Even if that supporter had hopped onto the bandwagon during the Pep years, he’d have still seen José Mourinho’s Inter Milan defend like gladiators against the 2010 side, Jupp Heynckes’ Bayern humiliate the 2013 side, Diego Simeone’s Atleti grind apart the 2016 side, and Massimiliano Allegri’s Juventus knock the 2017 side into a concussion. Those were ferocious opponents. This, on the other hand, was just a disastrous performance from the home side.
Barça were crap. Unalloyed, unmitigated crap. Back in the day, with more margin, Barça could be crap and still win. This current team has no margin. It’s a high-wire act every week that can dismantle Real Madrid 5-1, spank Sevilla, run rings around Inter or struggle with Levante and lose to Betis. It’s a weird, messy thing that could win a treble or go trophyless, an excellent machine that is no longer automatic.
Supporters want their team to win. They don’t want any uncertainty. They pretend to like the drama, but not really. Look at how Barça supporters freak out when Ter Stegen even has to make a save. “Egads! We conceded an opportunity to an inferior side! This defense is unfit to wear the mighty Blaugrana shirt!”

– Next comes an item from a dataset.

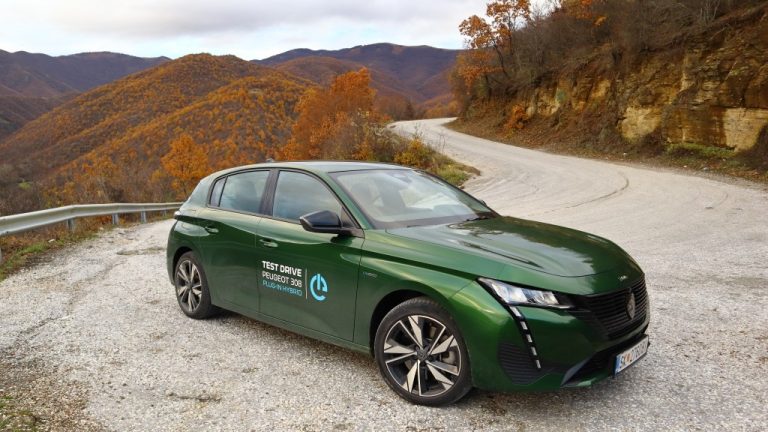 Хибриден Peugeot 308 цела планина качува на струја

Neutrals want a great match of football, with plenty of goals and plenty of drama. When something doesn’t work out, everyone wants a reason that hews to their worldview, because as humans, we seek affirmation of our own deeply rooted beliefs. After the match, Valverde said, essentially, “We were crap.” But that isn’t interesting, even as it is accurate. What is more interesting is the football thing, that Setién won by playing the same brand of football that Cruyff pioneered, the same brand of football that many Barça fans grew up watching under Guardiola, the same brand of football that is considered to be a non-negotiable aspect of the Culer religion. Setién’s football won because Valverde’s flawed, human group was, on this day, awful, outplayed, outhustled, outrun, everything. Yet even a lazy, inept, error-laden Barça only lost by a goal to a team that played the match of its sporting life. Had Valverde’s team played at even 60 or 70 percent to its potential, Betis would have taken a beating. But the conclusion becomes the answer, and instead of examining the reasons behind the defeat, we sit and blaspheme an imperfect team for having imperfections. Barcelona are, on its day, the best team in football, yet they do not have an undisputed claim to the throne like they once did under Guardiola. They are not robots, they are humans who make mistakes, as we’ve come to know all too well at the Stadio Olimpico and the Butarque this year. Nonetheless, it is this humanity that should be so absorbing for us to watch.
A great tale needs struggle and tension. How legendary would the Hercules myth be had he not had his trials? Who wants to watch a Greek God rise to Mount Olympus without having to slay the Hydra first? Who wants to watch a tennis player ace every point and win every championship? Who wants to watch a football team win all the time, even as that winning bathes us in affirmation?
This Barça is my favorite team to watch since Luis Enrique’s treble-winning side of 2015, not because of its strengths, but because of its flaws. We should embrace them, revel in them. Rather than reacting with rage and recrimination because the team didn’t win again, it’s worth appreciating the flawed humanity of a group of athletes that, like Federer and Williams, are nearing the end of their run. They are all wrestling with humanity and trying to extract the last bits of greatness from a storied history.
That can be so beautiful, if we just let it be.